* **Task prompt**: Skip pictures in the listing below; copy exactly the lines from the one with "1981 Great Muppet" through the one with "I Work at a", inclusive.

* **Entries provided**:

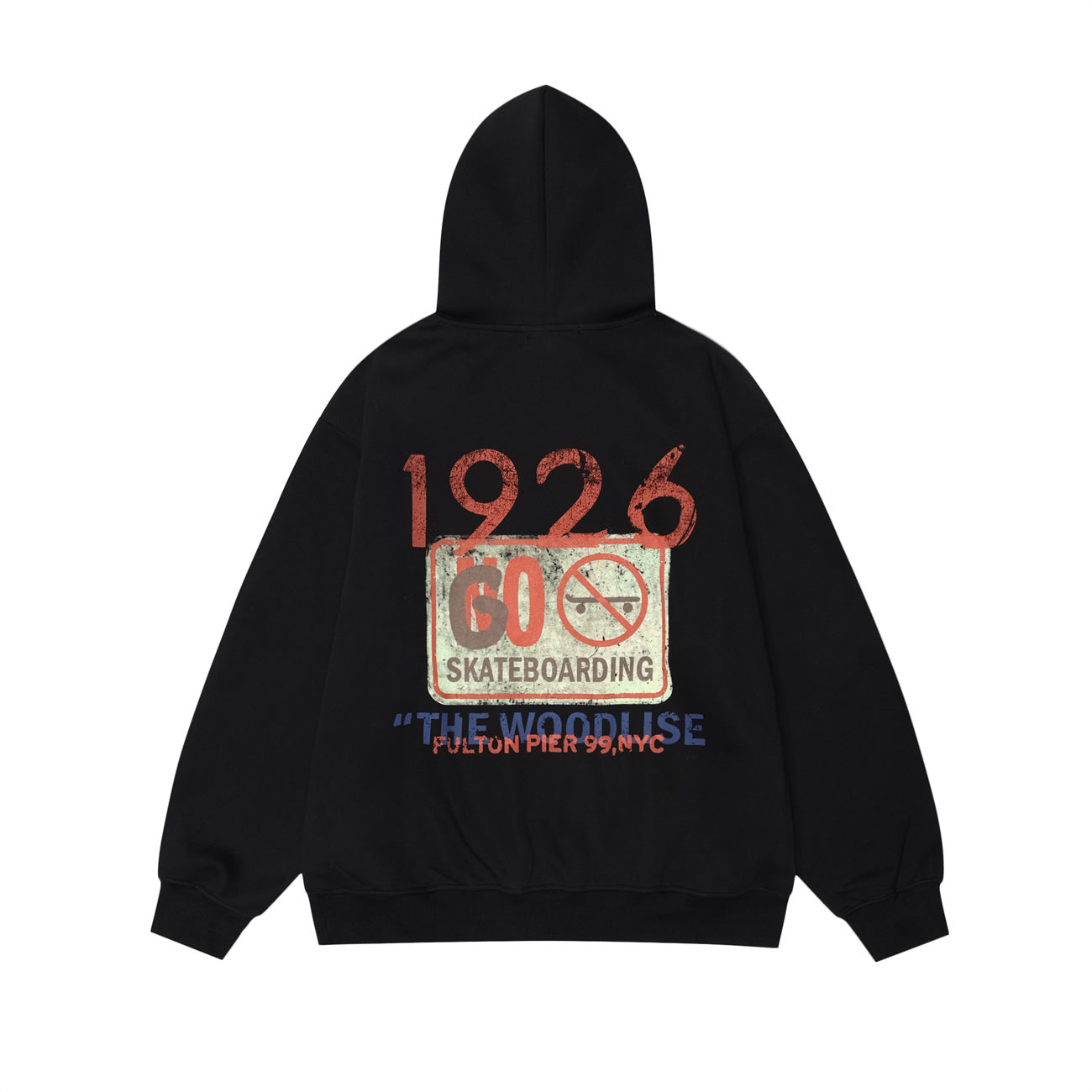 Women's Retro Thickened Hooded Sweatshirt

--

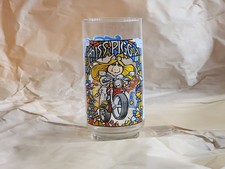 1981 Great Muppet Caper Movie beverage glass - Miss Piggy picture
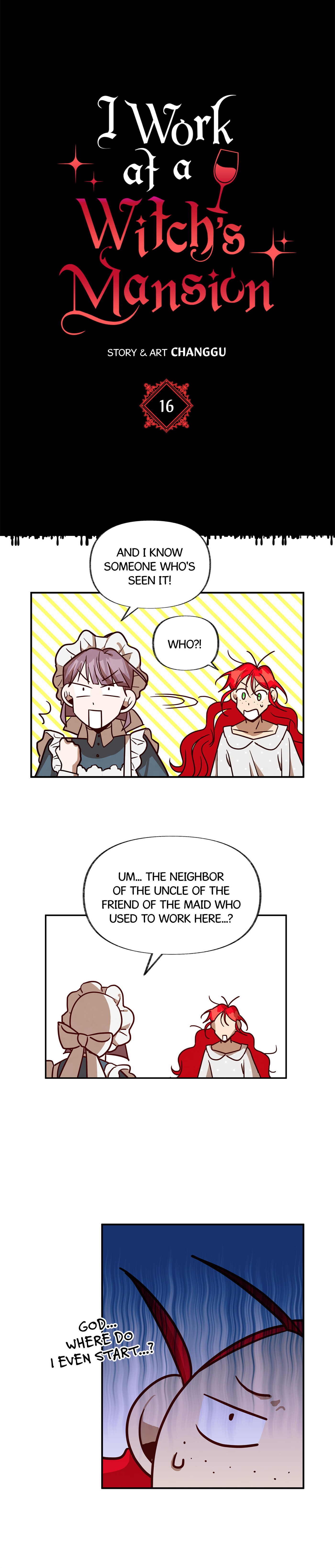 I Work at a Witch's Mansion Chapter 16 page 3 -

* **Answer for this exercise**:
 1981 Great Muppet Caper Movie beverage glass - Miss Piggy picture
 I Work at a Witch's Mansion Chapter 16 page 3 -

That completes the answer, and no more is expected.